Un poème de Missak Manouchian
« Quand je vois vos visages bronzés
Fouettés sans cesse par le vent et la pluie
Et de vos yeux les songes fluides, la flamme sublime
Votre âme coule dans mon âme. Comment ne pas vous chanter…
Vous êtes venus au monde dans d’humbles chaumières
Les champs immenses ont rempli vos coeurs d’incoercibles désirs
Les montagnes vous ont appris à être fiers, indomptables,
la terre maternelle a rempli vos artères de sa sève féconde.

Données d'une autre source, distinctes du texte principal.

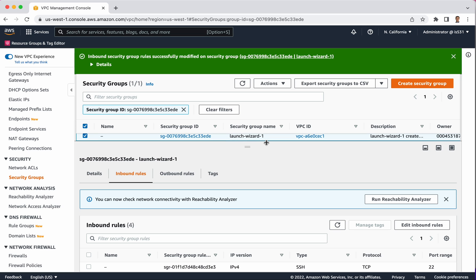When you are spinning up a network service or network-capable service like an EC2 instance, you're going to have an option to either create a new security group with rules or select one of the pre-existing ones. This particular security group right now is well-suited for EC2 instances that allow SSH traffic as well as web traffic. If I were spinning up an EC2 instance, I might select this as a security group or the firewall rule that I'm going to associate with an EC2 instance.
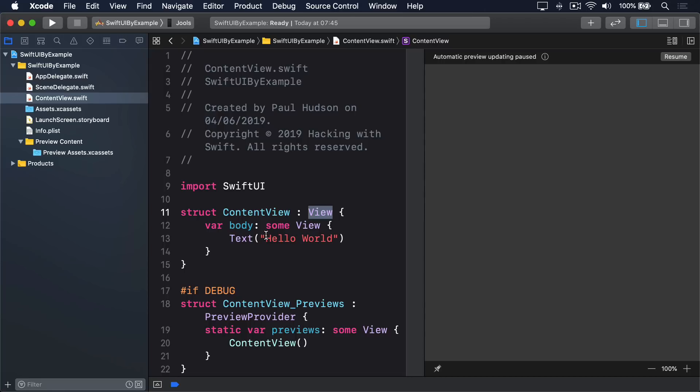Third, the return type of body is some view. The some keyword is new in Swift 5.1, and it's part of a feature called opaque return types. And in this case, what it means is literally, this will return some sort of view, but SwiftUI doesn't need to know, or care what.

Mais emportés par la fureur sauvage du simoun
Comme des fleurs arrachées aux buissons qui les portent
Et qui se dispersent au gré du vent
Vous avez tendu votre toile vers tous les rivages de la vie…
Attention, Camarades !… L’ennemi est toujours le monstre
Qui, comme la sangsue ou le ver rongeur,
Boit le sang de nos bras qui peinent sans arrêt
Telle une hyène prête a tout dévorer.
Sous le masque de la foi il verse à ses victimes
Le poison de la corruption et de l’ignorance
Et, semeur de mensonges et de haines raciales,
Il attire des foules les passions criminelles.
Que les flambeaux de la conscience éclairent vos esprits !
Que le sommeil et la lassitude ne voilent point nos âmes !
A tout moment l’ennemi change de couleur et de forme
Et nous jette sans arrêt dans sa gueule inassouvie.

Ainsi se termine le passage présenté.